#### YOUR INSTRUCTIONS:
Skip the images and restate every line of the records exactly.

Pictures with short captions
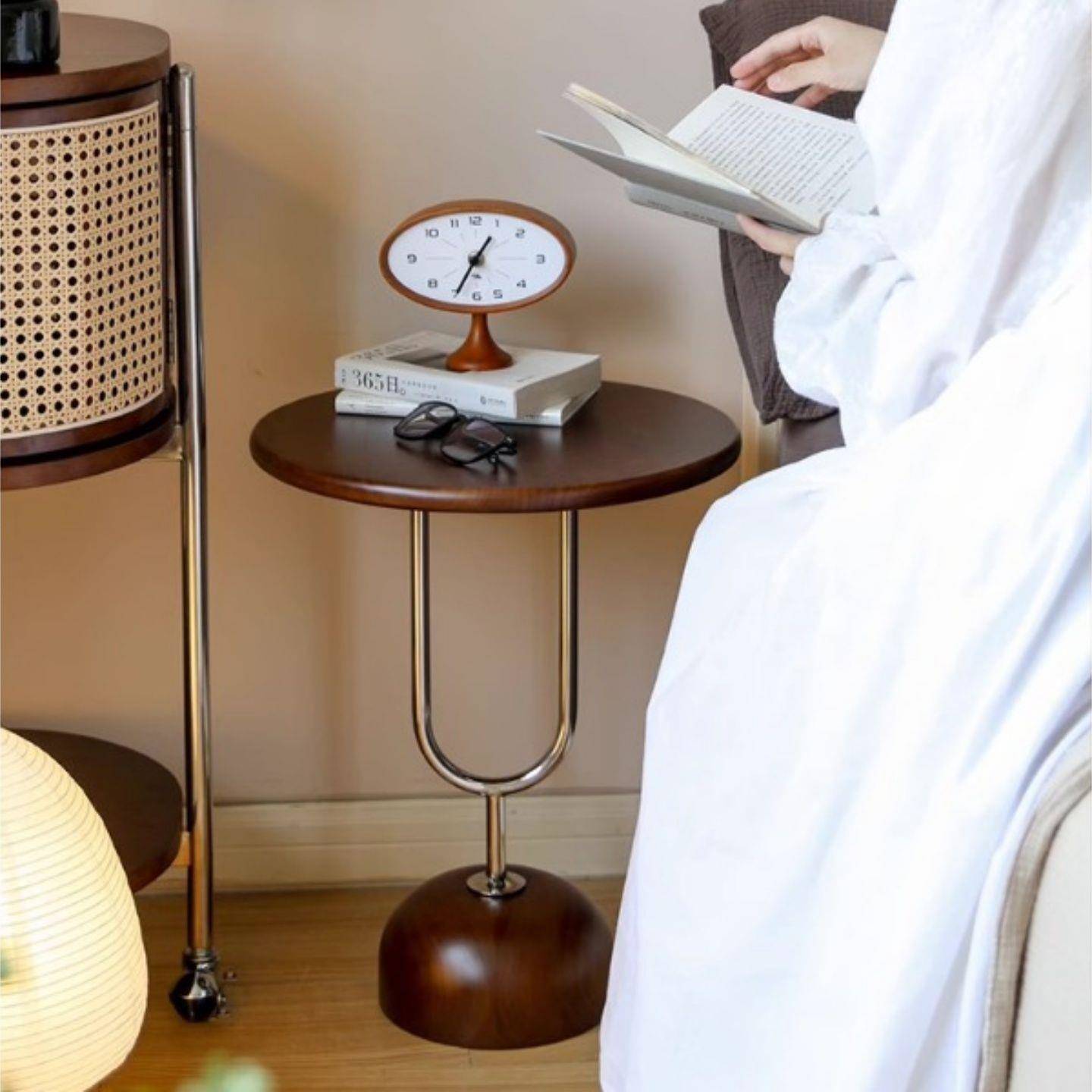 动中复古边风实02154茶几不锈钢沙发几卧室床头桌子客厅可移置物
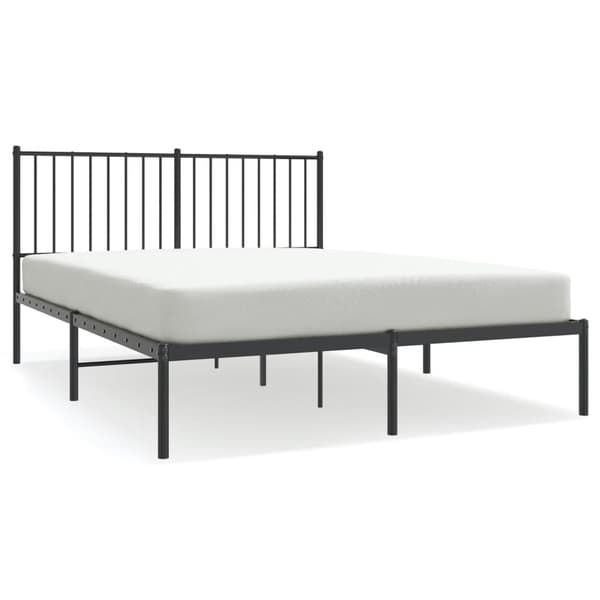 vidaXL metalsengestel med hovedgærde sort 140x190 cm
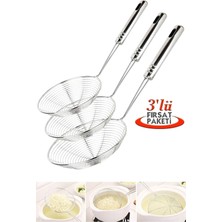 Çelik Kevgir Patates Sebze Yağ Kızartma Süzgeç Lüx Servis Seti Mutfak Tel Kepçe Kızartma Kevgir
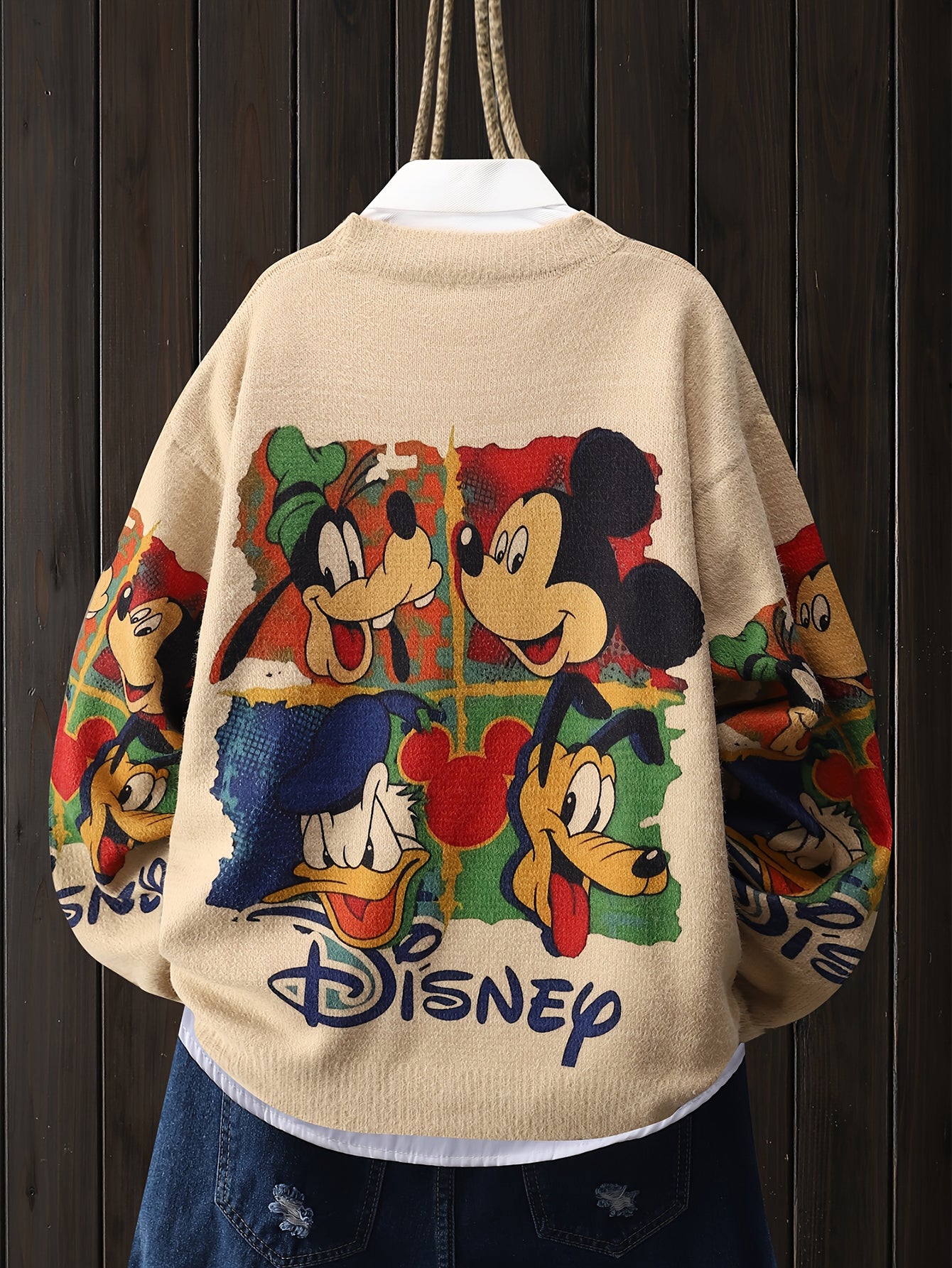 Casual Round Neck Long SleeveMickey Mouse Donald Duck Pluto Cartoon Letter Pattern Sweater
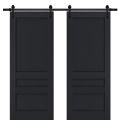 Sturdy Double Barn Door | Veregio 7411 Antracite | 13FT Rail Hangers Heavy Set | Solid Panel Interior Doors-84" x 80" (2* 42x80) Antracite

#### RESULT BELOW:
 动中复古边风实02154茶几不锈钢沙发几卧室床头桌子客厅可移置物
 vidaXL metalsengestel med hovedgærde sort 140x190 cm
 Çelik Kevgir Patates Sebze Yağ Kızartma Süzgeç Lüx Servis Seti Mutfak Tel Kepçe Kızartma Kevgir
 Casual Round Neck Long SleeveMickey Mouse Donald Duck Pluto Cartoon Letter Pattern Sweater
 Sturdy Double Barn Door | Veregio 7411 Antracite | 13FT Rail Hangers Heavy Set | Solid Panel Interior Doors-84" x 80" (2* 42x80) Antracite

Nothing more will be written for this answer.